_Records for this exercise_
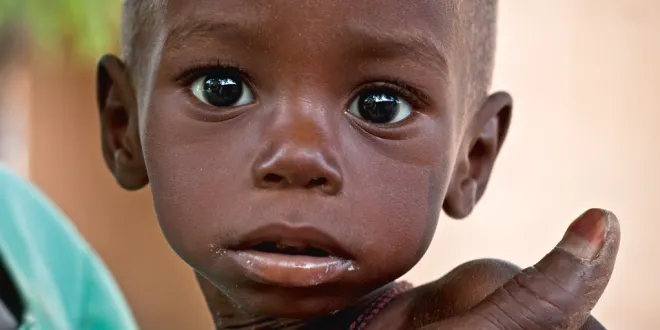 SE-CNSA-Malnutrition au Sénégal : Enfance en souffrance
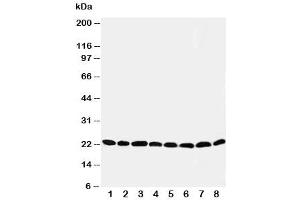 Western blot testing of Peroxiredoxin 5 antibody and Lane 1:  rat brain (Peroxiredoxin 5 anticorps  (C-Term))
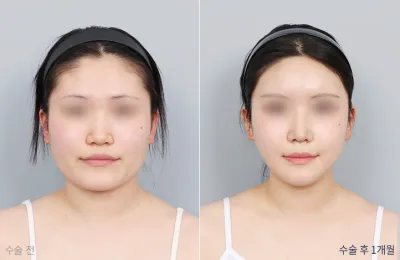 Before & After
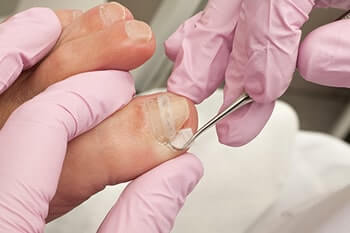 Ingrown toenails treatment in the Chatham County, GA: Pooler (Bloomingdale, Meldrim, Eden, Garden City, Port Wentworth, Savannah, Rincon, Georgetown) and Beaufort County, SC: Bluffton, Hilton Head Island, Okatie, Pritchardville, Palmetto Bluff, Levy, Limehouse, Hardeeville, Brighton Beach, Harbour Town, Windmill Harbor areas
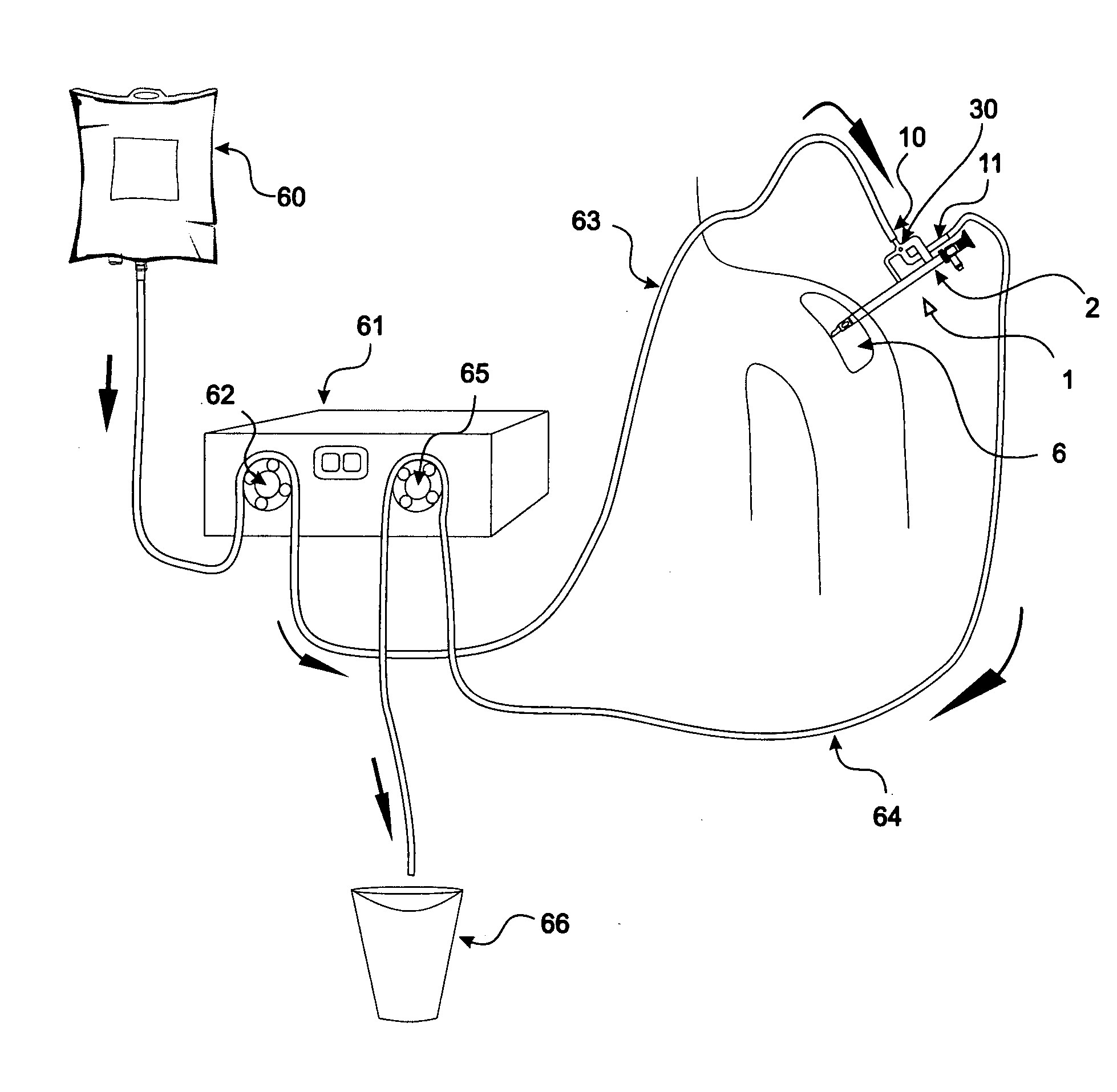 Method and device for flushing during endoscopic surgery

_Task to carry out_
All that is needed is the span from the line with "Ingrown toenails treatment" through the last line of the material above, reproduced exactly and free of pictures.

_Exercise solution_
 Ingrown toenails treatment in the Chatham County, GA: Pooler (Bloomingdale, Meldrim, Eden, Garden City, Port Wentworth, Savannah, Rincon, Georgetown) and Beaufort County, SC: Bluffton, Hilton Head Island, Okatie, Pritchardville, Palmetto Bluff, Levy, Limehouse, Hardeeville, Brighton Beach, Harbour Town, Windmill Harbor areas
 Method and device for flushing during endoscopic surgery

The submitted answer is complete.